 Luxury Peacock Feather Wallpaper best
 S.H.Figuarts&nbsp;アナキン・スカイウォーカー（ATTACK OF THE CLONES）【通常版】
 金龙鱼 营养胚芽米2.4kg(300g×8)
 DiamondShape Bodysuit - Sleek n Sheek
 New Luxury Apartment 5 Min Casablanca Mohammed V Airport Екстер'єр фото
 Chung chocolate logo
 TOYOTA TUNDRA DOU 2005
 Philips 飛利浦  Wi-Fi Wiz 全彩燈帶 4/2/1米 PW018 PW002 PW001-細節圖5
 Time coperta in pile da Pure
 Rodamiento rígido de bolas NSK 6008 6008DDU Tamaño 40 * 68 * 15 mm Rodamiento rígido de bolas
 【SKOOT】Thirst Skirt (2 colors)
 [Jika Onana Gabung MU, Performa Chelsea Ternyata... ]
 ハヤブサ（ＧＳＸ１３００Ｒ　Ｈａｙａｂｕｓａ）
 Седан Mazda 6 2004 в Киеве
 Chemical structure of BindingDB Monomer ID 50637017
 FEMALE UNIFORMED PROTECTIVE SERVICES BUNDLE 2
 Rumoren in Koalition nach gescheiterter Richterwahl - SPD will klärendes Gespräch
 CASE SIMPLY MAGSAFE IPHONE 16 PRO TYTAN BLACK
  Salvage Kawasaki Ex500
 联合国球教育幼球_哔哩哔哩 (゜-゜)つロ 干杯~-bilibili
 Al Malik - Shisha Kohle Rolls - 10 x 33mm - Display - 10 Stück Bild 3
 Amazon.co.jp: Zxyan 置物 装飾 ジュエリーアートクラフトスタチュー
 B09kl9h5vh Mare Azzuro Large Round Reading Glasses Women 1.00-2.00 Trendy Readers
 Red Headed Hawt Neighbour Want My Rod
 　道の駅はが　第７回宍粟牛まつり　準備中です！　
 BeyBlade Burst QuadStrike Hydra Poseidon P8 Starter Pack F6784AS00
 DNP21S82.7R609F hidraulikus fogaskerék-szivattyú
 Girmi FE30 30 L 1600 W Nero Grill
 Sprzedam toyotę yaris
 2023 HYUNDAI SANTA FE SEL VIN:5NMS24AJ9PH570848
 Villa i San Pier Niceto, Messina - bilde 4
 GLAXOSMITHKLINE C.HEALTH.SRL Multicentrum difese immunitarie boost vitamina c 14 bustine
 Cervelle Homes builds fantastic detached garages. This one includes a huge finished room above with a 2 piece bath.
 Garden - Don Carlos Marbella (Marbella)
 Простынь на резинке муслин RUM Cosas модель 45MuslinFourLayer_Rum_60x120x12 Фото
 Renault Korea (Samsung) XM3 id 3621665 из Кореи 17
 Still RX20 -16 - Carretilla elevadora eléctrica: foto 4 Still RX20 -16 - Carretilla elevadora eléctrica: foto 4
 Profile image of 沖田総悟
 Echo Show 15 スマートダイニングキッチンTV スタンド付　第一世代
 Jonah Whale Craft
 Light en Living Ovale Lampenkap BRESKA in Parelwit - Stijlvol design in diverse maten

==================================================

▶ [Your objective]
The full material has to be written out again exactly as shown.

▶ [Solution below]
 Luxury Peacock Feather Wallpaper best
 S.H.Figuarts&nbsp;アナキン・スカイウォーカー（ATTACK OF THE CLONES）【通常版】
 金龙鱼 营养胚芽米2.4kg(300g×8)
 DiamondShape Bodysuit - Sleek n Sheek
 New Luxury Apartment 5 Min Casablanca Mohammed V Airport Екстер'єр фото
 Chung chocolate logo
 TOYOTA TUNDRA DOU 2005
 Philips 飛利浦  Wi-Fi Wiz 全彩燈帶 4/2/1米 PW018 PW002 PW001-細節圖5
 Time coperta in pile da Pure
 Rodamiento rígido de bolas NSK 6008 6008DDU Tamaño 40 * 68 * 15 mm Rodamiento rígido de bolas
 【SKOOT】Thirst Skirt (2 colors)
 [Jika Onana Gabung MU, Performa Chelsea Ternyata... ]
 ハヤブサ（ＧＳＸ１３００Ｒ　Ｈａｙａｂｕｓａ）
 Седан Mazda 6 2004 в Киеве
 Chemical structure of BindingDB Monomer ID 50637017
 FEMALE UNIFORMED PROTECTIVE SERVICES BUNDLE 2
 Rumoren in Koalition nach gescheiterter Richterwahl - SPD will klärendes Gespräch
 CASE SIMPLY MAGSAFE IPHONE 16 PRO TYTAN BLACK
  Salvage Kawasaki Ex500
 联合国球教育幼球_哔哩哔哩 (゜-゜)つロ 干杯~-bilibili
 Al Malik - Shisha Kohle Rolls - 10 x 33mm - Display - 10 Stück Bild 3
 Amazon.co.jp: Zxyan 置物 装飾 ジュエリーアートクラフトスタチュー
 B09kl9h5vh Mare Azzuro Large Round Reading Glasses Women 1.00-2.00 Trendy Readers
 Red Headed Hawt Neighbour Want My Rod
 　道の駅はが　第７回宍粟牛まつり　準備中です！　
 BeyBlade Burst QuadStrike Hydra Poseidon P8 Starter Pack F6784AS00
 DNP21S82.7R609F hidraulikus fogaskerék-szivattyú
 Girmi FE30 30 L 1600 W Nero Grill
 Sprzedam toyotę yaris
 2023 HYUNDAI SANTA FE SEL VIN:5NMS24AJ9PH570848
 Villa i San Pier Niceto, Messina - bilde 4
 GLAXOSMITHKLINE C.HEALTH.SRL Multicentrum difese immunitarie boost vitamina c 14 bustine
 Cervelle Homes builds fantastic detached garages. This one includes a huge finished room above with a 2 piece bath.
 Garden - Don Carlos Marbella (Marbella)
 Простынь на резинке муслин RUM Cosas модель 45MuslinFourLayer_Rum_60x120x12 Фото
 Renault Korea (Samsung) XM3 id 3621665 из Кореи 17
 Still RX20 -16 - Carretilla elevadora eléctrica: foto 4 Still RX20 -16 - Carretilla elevadora eléctrica: foto 4
 Profile image of 沖田総悟
 Echo Show 15 スマートダイニングキッチンTV スタンド付　第一世代
 Jonah Whale Craft
 Light en Living Ovale Lampenkap BRESKA in Parelwit - Stijlvol design in diverse maten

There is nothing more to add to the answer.